An image from the Montreal archiocese's 2003 annual collection campaign. Image/Archdiocese of Montreal

Beware sleight of hand

By 
  • April 16, 2015

There’s a moment in Al Pacino’s new film Danny Collins when the eponymous character, alone in his dressing room, touches the ornate Cross nested in his ancient rock star chest hair. The gesture is cinematic sleight of hand.
In the next frame, Collins uncaps the crucifix and pours out a few lines of cocaine to put up his nose so his show can go on. The sign of our faith, in the fingers of a pop icon, turns into yet another clever cache for the pursuit of becoming comfortably numb.

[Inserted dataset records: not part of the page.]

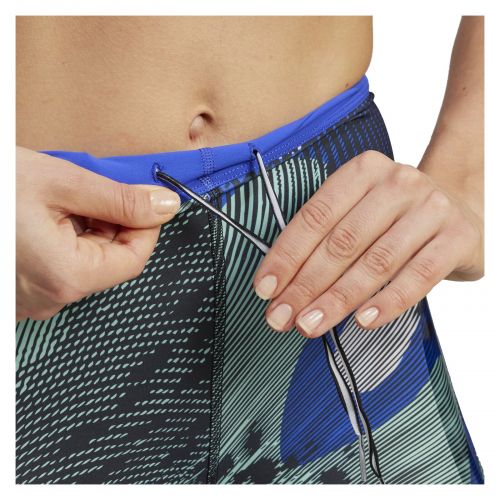 Spodnie legginsy do biegania damskie adidas Adizero Running Allover Print HR9587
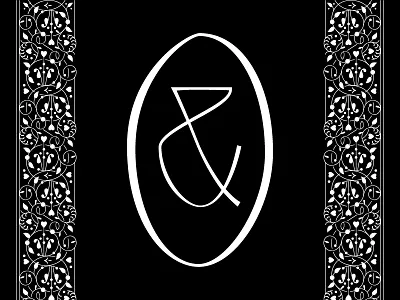 Oh, and... ampersand border lettering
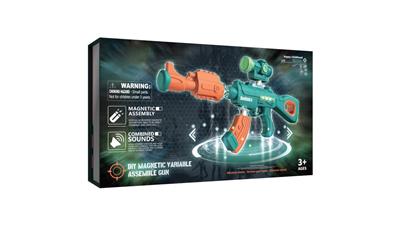 Magnetic gun cartoon version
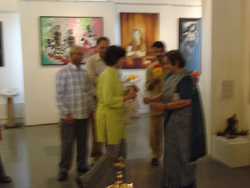 Felicitation Ceremony of Live Painting & Sculpting by Women Artists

Unfortunately, the movie then wanders away from the scene’s point. It becomes a self-satisfied warble of the heart song of our age: with enough money, you can buy redemption at no cost, at least not to yourself.

Yet those few seconds themselves are worth the price of admission, certainly at this Easter season, and if only to provoke questions about how even non-Hollywood culture yokes Christ’s cross to warm, fuzzy feel-goodism. From the single sign of universal salvation, the instrument of Our Lord’s torment, doubt and death, becomes a catch-all for seemingly endless spiritual, social and political signifiers. True, none of them contain cocaine. But all fuel some form of diversion from the authentic message of the cross.

Just to take one small example, in Montreal, the archdiocese has just launched its annual giving campaign. For the past decade or so, the marketing savvy of the campaign has almost put its actual purpose in the shade.